Estaba haciendo lo mejor que podía para soportar el bullicio, las personas alrededor se le acercaban a darle el pésame. Firo, ahora viudo, estaba haciendo lo que nunca pudo hacer con su mujer en vida, aguantar las miradas llenas de lástima de sus familiares y amigos con su mejor sonrisa.

Aun, con todo su esfuerzo, se le hacía muy difícil, y más en un momento como ese. Sonia, su ahora ex mujer, había sido una persona muy querida por todos, lo que no significaba más que el sitio estuviera repleto. Estuvieron presentes su familia, sus amigas del trabajo y las de antaño.

Era imposible para Firo caminar muy lejos sin tener que escuchar frases como "¿Y qué hará ahora sin ella?" "Pobre hombre" y aunque no eran pocas las voces que lo repetían ni menos lo ingeniosas variaciones de estas, Firo, muy claramente sabía que algo de cierto tenían.

Ya eran las 10 de la noche cuando Don Claudio, el ahora ex suegro de Firo, al ver que este no se movía del lado del ataúd de Sonia, decidió tomar la iniciativa y acercarse él.

- Hijo mío ya es tarde... ¿Has siquiera comido algo?

- No se preocupe Don Claudio, mi prioridad ahora se encuentra acá

- Claro que no Firo... a Sonia no le hubiese gustado verte así, por favor déjanos a cargo un rato... yo me ocuparé de todo, tu ve a comer algo y a descansar un poco.

- Don Claudio de verdad no tiene de que preocuparse, yo...

- Hijo mío por favor, no le pidas a este viejo que no se preocupe por el hombre que amó a mi hija

Firo nunca fue bueno para insistir, y con palabras como esas, aunque hubiese sido bueno, era difícil no aceptarlas, después de todo, la perdida no había sido solo suya.

Firo solo atinó a asentir y a agradecer.

No pasó mucho tiempo cuando Firo bajo del taxi. No se había detenido en un restaurante ni su departamento a descansar, más bien en un bar pequeño y, como se veía, no muy popular.

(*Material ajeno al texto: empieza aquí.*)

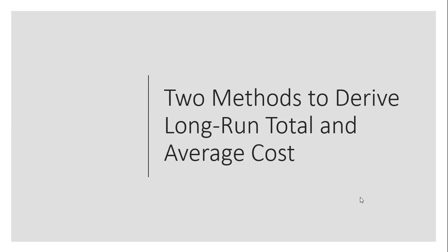Hello. In this video, we're going to look at two methods to derive the long-run total cost and long-run average cost of a firm. We'll start with method one.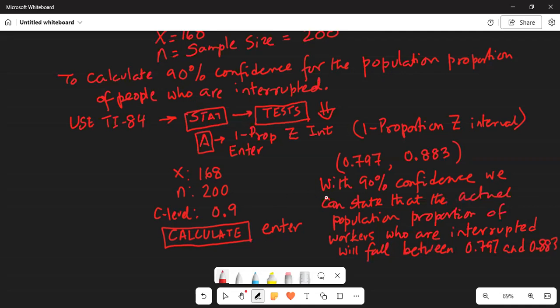With 90% confidence, we can state that the actual population proportion of workers who are interrupted will fall between 0.797 and 0.883.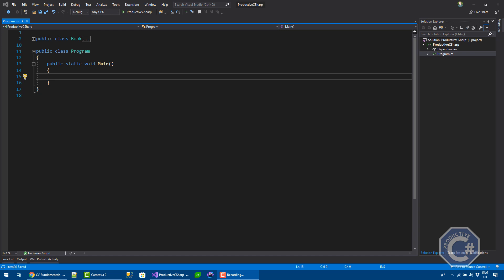Hi, I'm Andrea and welcome to Productive C-Sharp. In this video, I want to talk about System.Object.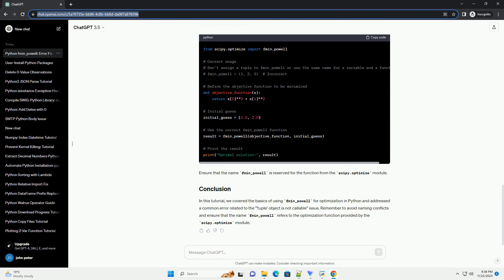In this case, fmin_powell is mistakenly assigned a tuple instead of the optimization function. As a result, when you try to call fmin_powell with the objective function, you get the tuple object is not callable error. To avoid the error,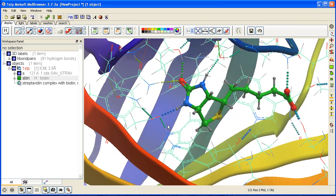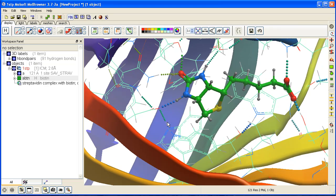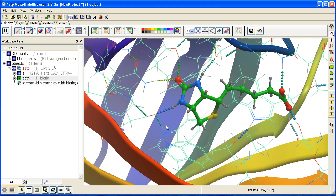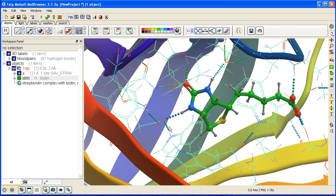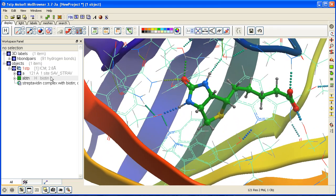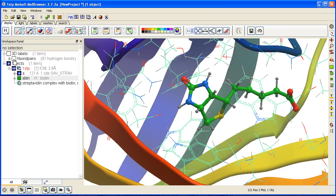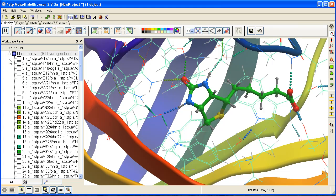You can toggle the hydrogen bonds on and off using the ICM workspace. Here we have hydrogen bond pairs we can display and undisplay. You can expand this and undisplay individual ones or display them.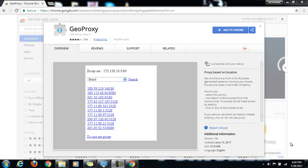Hello guys, this is Rahul here and today I'm going to show you how to use Geo Proxy. Geo Proxy is an extension to Google Chrome and it's a proxy based on location.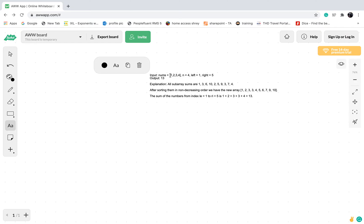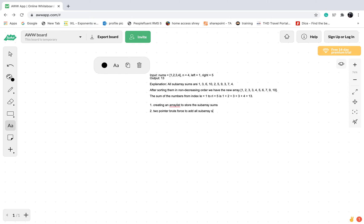Example 1 gives you an input integer array of 1, 2, 3, 4, the length of the array, and two inclusive boundaries. The first part of the explanation says all subarray sums are these, so let's find all subarray sums. I did that by creating an array list to store the subarray sums. I used a two-pointer brute force approach to add all subarray sums to the array list. I know this isn't the most efficient way, but because I was in a timed contest, this was the solution I came up with. After that, we need to sort the array list.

Aunque con algo de culpa por no corresponder los deseos de Don Claudio, Firo sentía que en un momento así, entrar en un bar era algo totalmente excusable.

Firo se sentó en la barra y ordenó un vaso de cerveza, la chica que atendía en el bar era una joven simpática y de ojos cafés alegres, a Firo le pareció simpática solo con verla, pero en su situación pensar en algo así se sentía repudiable. Firo solo soltó una carcajada para sí mismo cuando recibió una llamada.

"Alo?"

"Don Firo, ya estoy cerca al bar, tengo fe de encontrarlo ya ahí"

"Estoy aquí desde temprano"

"Una persona puntual eh?... a veces es un castigo tanto como un regalo... en todo casi ya estoy cerca, espero que tenga mi pedido"

La llamada se colgó antes de que Firo pueda decir algo más.

Firo, algo nervioso, colocó su mano en su bolsillo derecho y sacó un sobre notablemente gordo. Firo solo lo saco a penas, lo tocó cómo confirmando que siguiera ahí y lo volvió a guardar.

Ya se disponía a pedir otra ronda cuando vio a la chica del bar animada correr atrás de él. Firo, un poco decepcionado, solo la siguió con la mirada con un poco de resentimiento, cuando entonces, se quedó en shock al ver que la chica de bar se había acercado a unas de las mesas y abrazaba a la chica más hermosa que Firo había visto.

Firo nunca había tenido ojos para otra mujer que Sonia, y ciertamente no era creyente de las historias de amor a primera vista, así que no supo explicar lo que sintió al verla en ese momento.

La chica, de mirada tímida y de color café, observó de reojo a Firo. Firo rápidamente volteó su cabeza, pero la curiosidad fue más y como preguntándose "Me miró a mí?" intento repetir la hazaña. La chica estaba ahora observando la carta entregada por su amiga, quien por su parte volvía corriendo a atender su puesto.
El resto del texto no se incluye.